El gobierno de España decidió en las últimas horas cerrar su espacio aéreo a los aviones militares de Estados Unidos que participan en los ataques contra Irán, en el marco de la escalada bélica en la región.
La medida fue confirmada por la ministra de Defensa, Margarita Robles, quien aseguró que tampoco se autorizó el uso de las bases militares de Rota (Cádiz) y Morón de la Frontera (Sevilla).
“Ni se autorizan las bases y, por supuesto, tampoco se autoriza la utilización del espacio aéreo español para actuaciones que tengan que ver con la guerra en Irán”, sostuvo la funcionaria, quien calificó el conflicto impulsado por Estados Unidos e Israel como “profundamente ilegal y profundamente injusto”.
La decisión implica que las aeronaves militares deberán modificar sus rutas para evitar el territorio español, aunque se contemplan excepciones en casos de emergencia.
El presidente del Gobierno, Pedro Sánchez, ya había anticipado esta postura en su comparecencia ante el Congreso, en línea con la decisión de no participar ni colaborar con una ofensiva que, según el Ejecutivo, fue iniciada de manera unilateral.
En la misma línea, el ministro de Economía, Carlos Cuerpo, señaló que la medida responde a una política definida desde el inicio del conflicto y aseguró que la relación bilateral con Estados Unidos no se verá afectada, ya que se enmarca dentro de los acuerdos de la Unión Europea.

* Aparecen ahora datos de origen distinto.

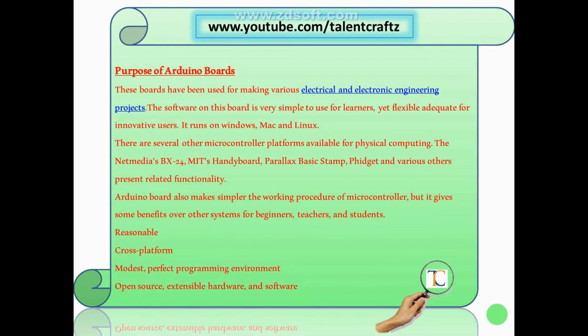Friends, I want to tell you one point: the microcontroller boards used before Arduino were not open source and not flexible. But Arduino is flexible.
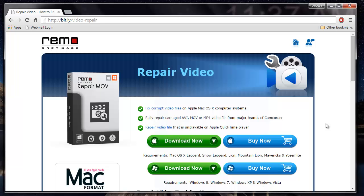Now since I have this application installed on my computer, I'll just run this software and show you how you can repair your videos.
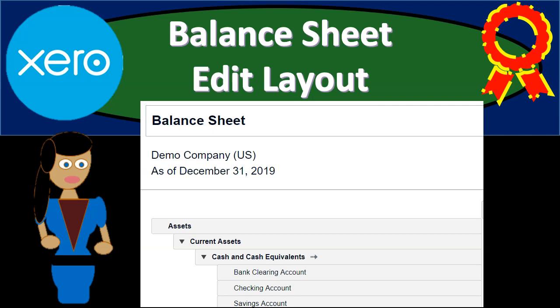In this presentation we'll take a look at balance sheet editing options related to the edit layout options. Let's zoom into it with Xero.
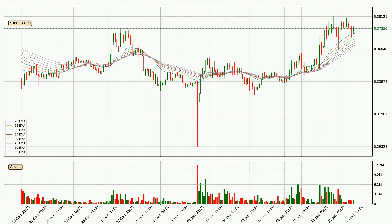Moving to the three-hourly exponential moving averages, at the moment the price is above the three-hourly ribbon, which can be perceived as bullish and the ribbon could play as a support. This means that you should watch if the price could bounce off the ribbon. The current price to watch is around 36.1 cents. The support should be relatively strong seeing as the ribbon is spread out.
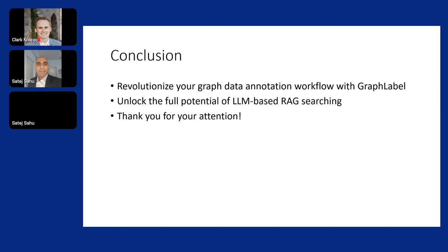This is my initiative in terms of revolutionizing how graph data annotation workflow can help with GraphLabel and really unlock the potential of large language model RAG-based search. I would welcome anyone who is interested to further share your ideas in terms of creating issues in the open GitHub repository. If you want to help me, give your ideas. I'm open to feedback. Thank you so much for this session and to neo4j particularly for this opportunity.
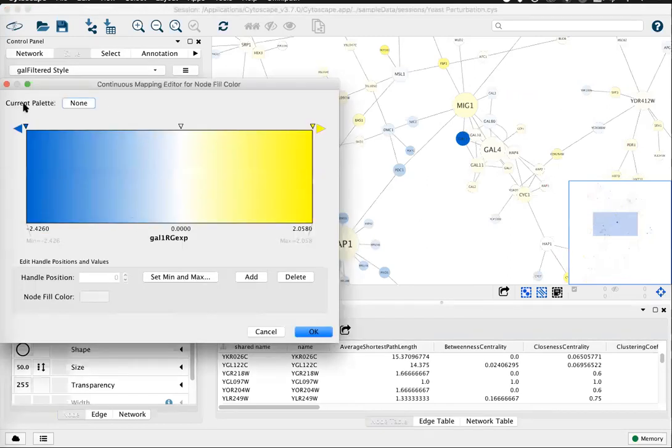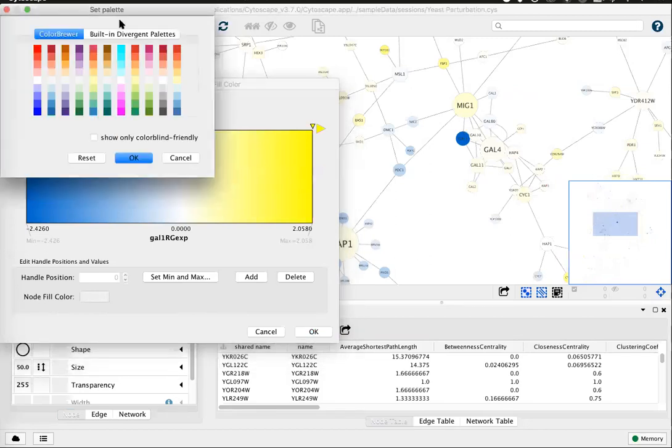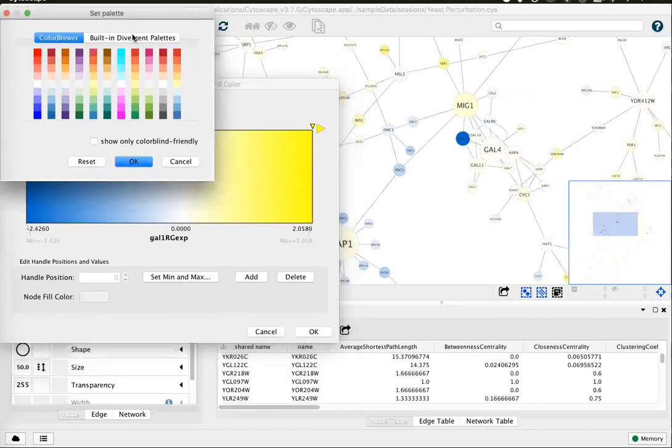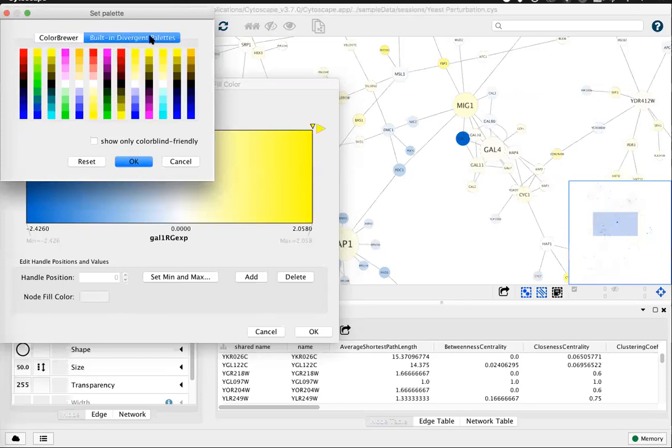This new option is here under current palette, currently none. Click on that and open up choice of Brewer palettes and other divergent palettes.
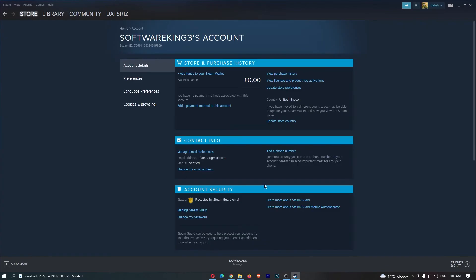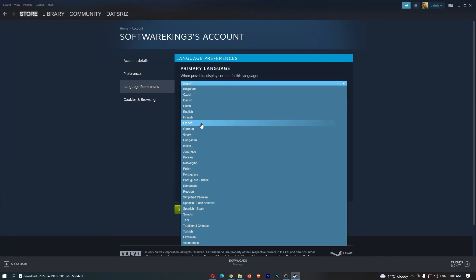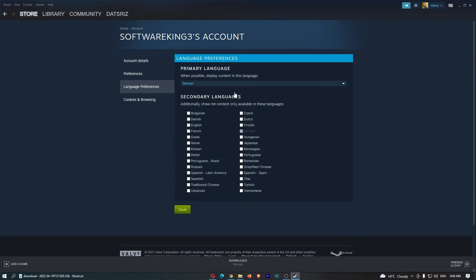That is going to take you over to this area right here, and then all we need to do is come down to Language Preferences on this left-hand side, and then you can see at the top, it says Primary Language, so all we need to do is change this to whichever language you would like, and then I'm going to click Save.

Sin embargo, desde Washington, el presidente Donald Trump había cuestionado duramente la postura española y amenazó con restringir el comercio bilateral. “España se portó fatal. Vamos a cortar todo el comercio con España”, expresó semanas atrás.
La decisión de Madrid profundiza las diferencias dentro de los aliados occidentales frente al conflicto en Medio Oriente y marca una postura crítica dentro de la OTAN.